I don't care as long as it's used effectively.
(Also, some books we read because books i done read reviewed them hilariously.)

Holly and her husband, Eric, accidentally sleep in on Christmas Day. Eric has to rush right out the door because he’s late to fetch his parents from the airport, and Holly lingers in bed to mull the heck out of some foreboding thoughts before shuffling to the kitchen to start Christmas dinner for the family and friends due to arrive in a few hours.

But then the snow starts falling, and it keeps falling and falling some more until it’s basically a blizzard and there’s no chance of anyone venturing onto the roads . . . which leaves Holly home alone with their adopted teenage daughter, Tatiana. Why is this creepy? This shouldn’t be creepy. Just a nice lady and her sweet teenage daughter from a secluded orphanage in Siberia.

But it’s totally creepy. Because Holly wakes up that morning thinking that something followed them home from Russia. And she thinks that many times.

But important, probably?

So Holly is home on this perfectly benign, snowy Christmas Day with her Russian angel of a daughter who we are told is the prettiest and the best daughter who ever daughtered.
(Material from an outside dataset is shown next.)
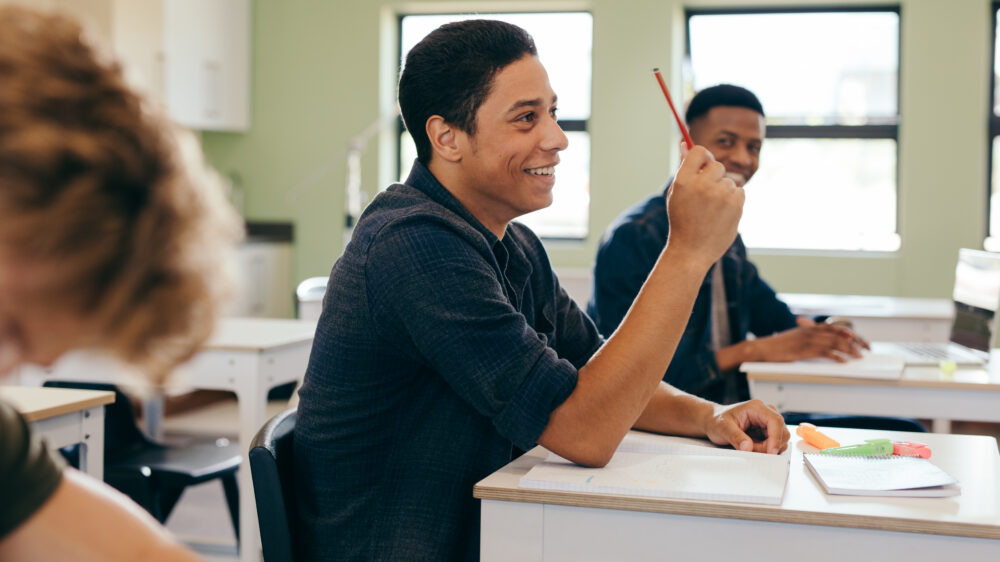 Male student sitting in the class and raising hand up to ask question during lecture. (Photo by Jacob Lund, Adobe Stock)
But then Tatiana starts acting eerily out of character, according to the version of her character Holly's been giving us all along (a little heavy-handedly, Holly, don’t you think?), and the eeriness escalates into suspense, and you keep looking at the book cover and wishing it wouldn’t look back at you like that, and the next thing you know it's finished and you’re feeling really unsettled on a sunny afternoon.

So it accomplishes what it sets out to do, I think, but it’s no masterpiece of the written word. I got hung up on page 7 for a while because I was trying to think of any possible way this sentence wasn’t just the worst sentence:
Write down the way some shadow face is finally peering around a corner on this Christmas morning (they’d slept so late) and shown itself.

But once the story got rolling, I was along for the slightly bumpy ride.

After I read the last page, I spent some time flipping back to reread choice parts and see how they supported the conclusion. This, for me, is the most satisfying aspect of a book with a big reveal, because you’ve been collecting all these puzzle pieces along the way and now you get to step back and see how they fit together. But I came up with some extra pieces this time. The culprit could be sloppy writing, or it could be the same part of my brain that gets confused by a James Bond movie. That mystery remains unsolved . . . for now.